- _What the task asks_:
Copy the lines below, word for word, from the first through the line containing "Women's Corduroy Shoulder". Leave the pictures out.

- _Information_:
□ □ □ □

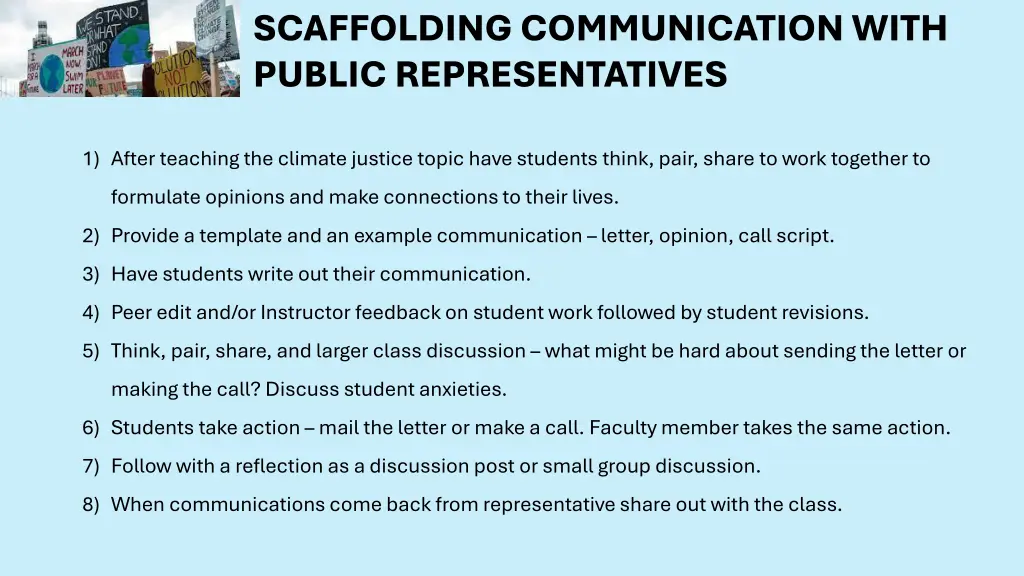 scaffolding communication with public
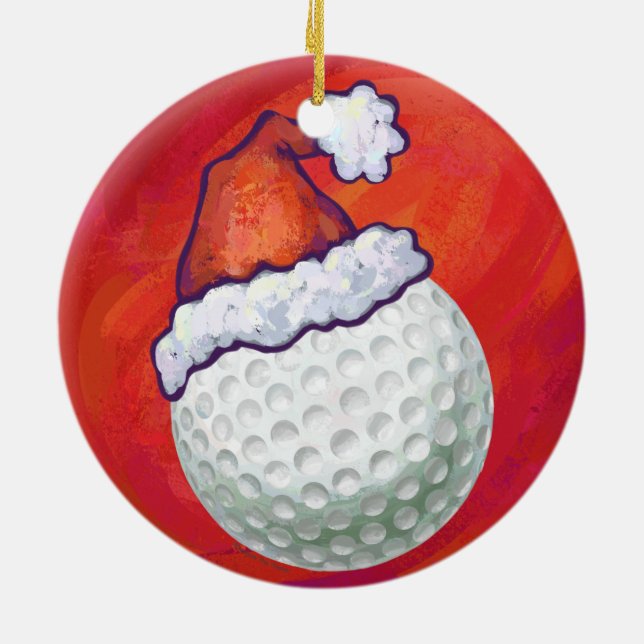 Golf Ball in Santa Hat on Red Ceramic Tree Decoration (Back)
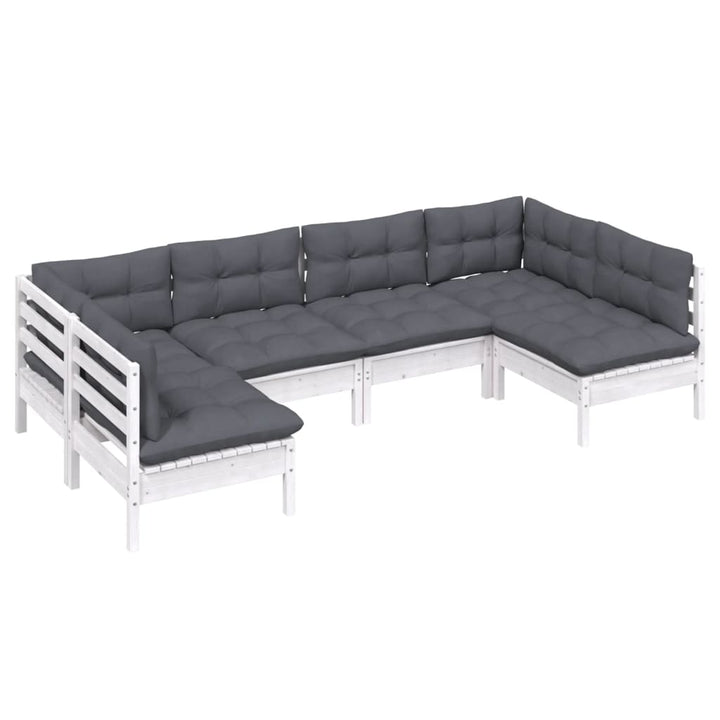 Loungegrupp Med Dynor 6 Delar Massiv Furu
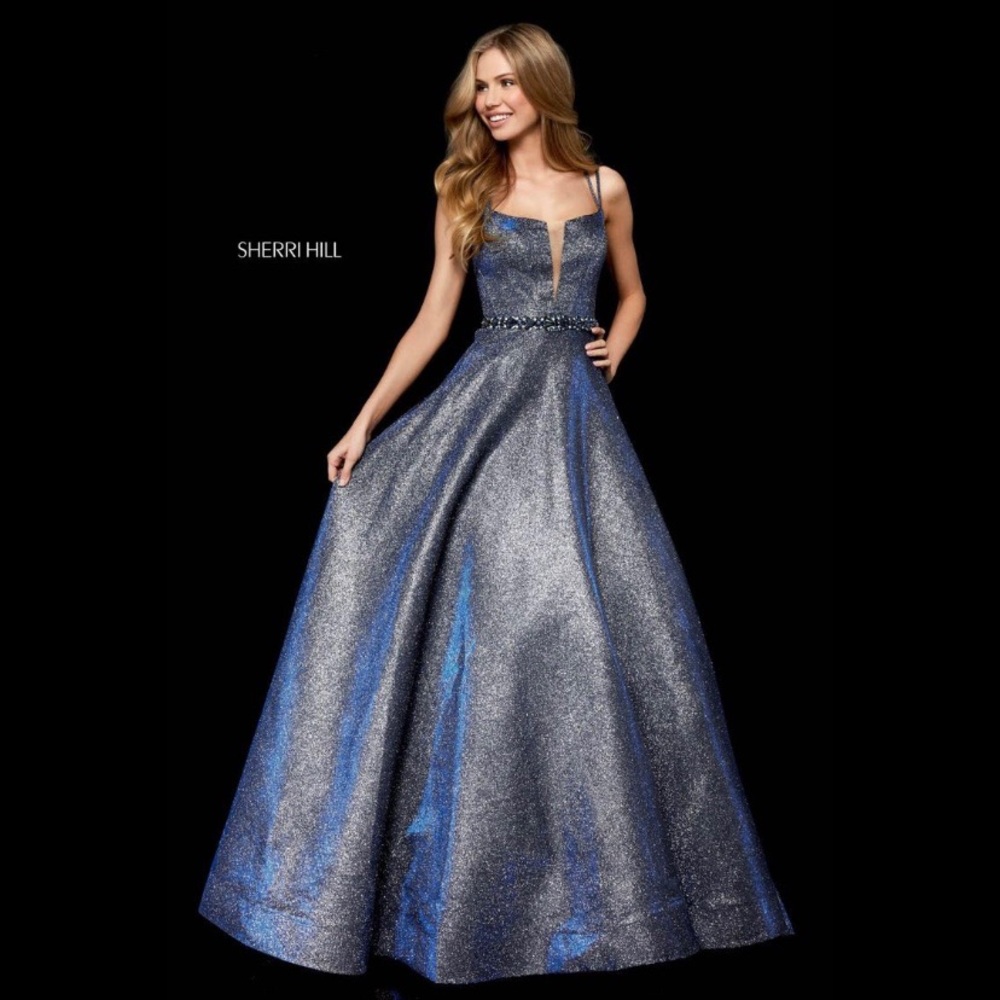 Metallic Blue Prom Dress Sherri Hill 52124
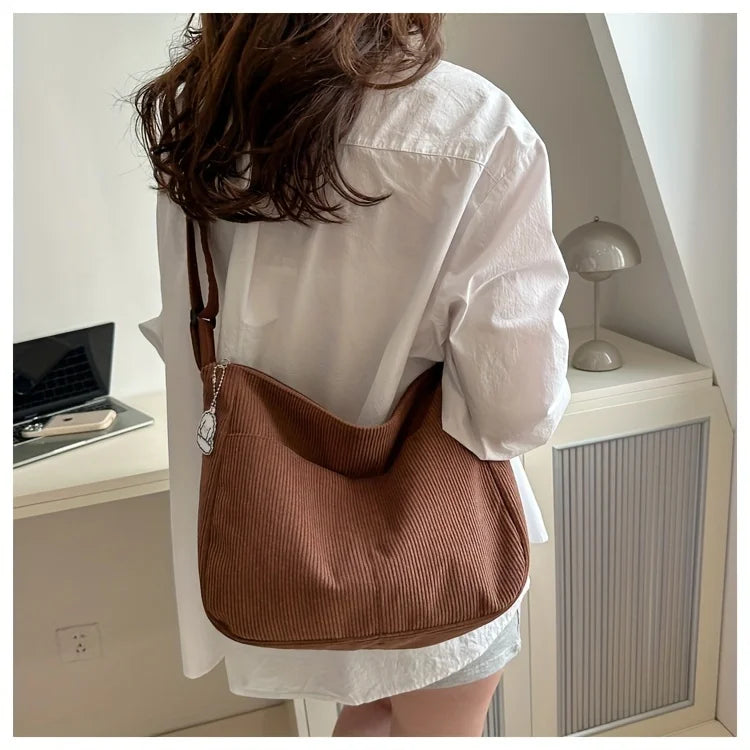Women's Corduroy Shoulder Bag | Casual Striped Large Capacity Tote with Zipper (Cute Hat Patch, Everyday Use)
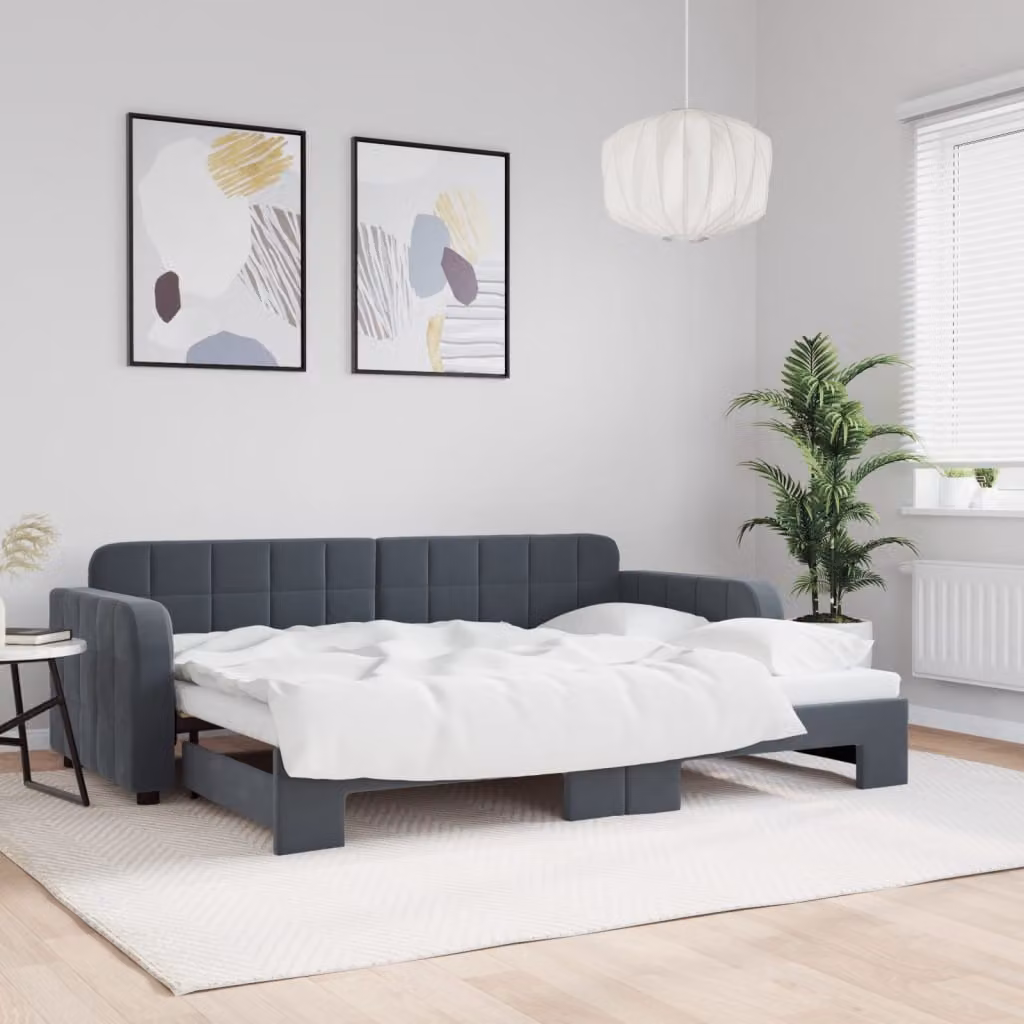 vidaXL Divano Letto con Letto Estraibile in Velluto Grigio con Struttura in Legno e Metallo L/P/H: 223 x 71 x 91 cm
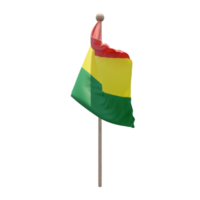 Bolivien 3D-Darstellung Flagge auf der Stange. Fahnenmast aus Holz png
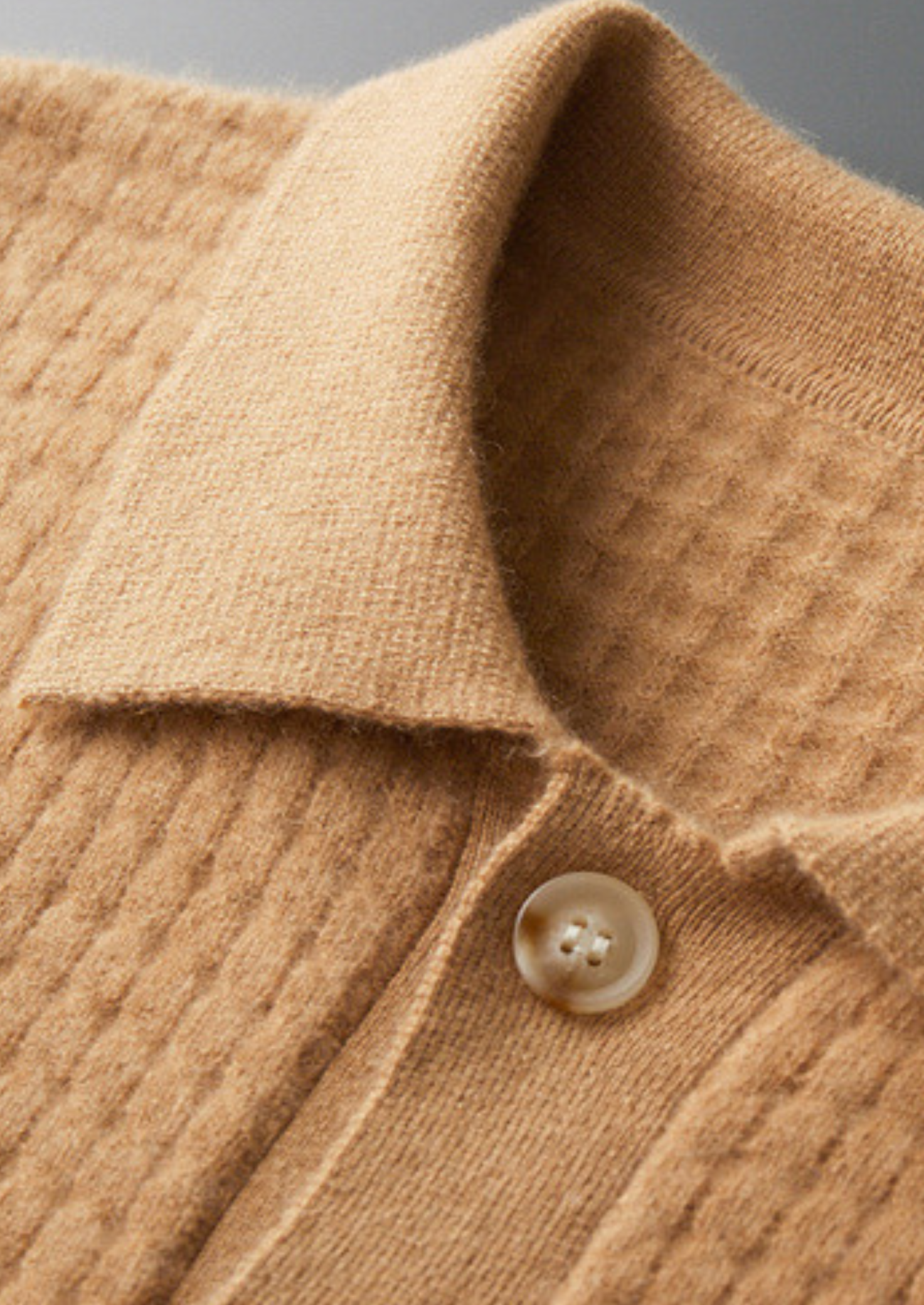 HERITAGE VELWICK™ CARAMEL TEXTURED BUTTON CARDIGAN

□ □ □ □

- _Answer space_:
 scaffolding communication with public
 Golf Ball in Santa Hat on Red Ceramic Tree Decoration (Back)
 Loungegrupp Med Dynor 6 Delar Massiv Furu
 Metallic Blue Prom Dress Sherri Hill 52124
Women's Corduroy Shoulder Bag | Casual Striped Large Capacity Tote with Zipper (Cute Hat Patch, Everyday Use)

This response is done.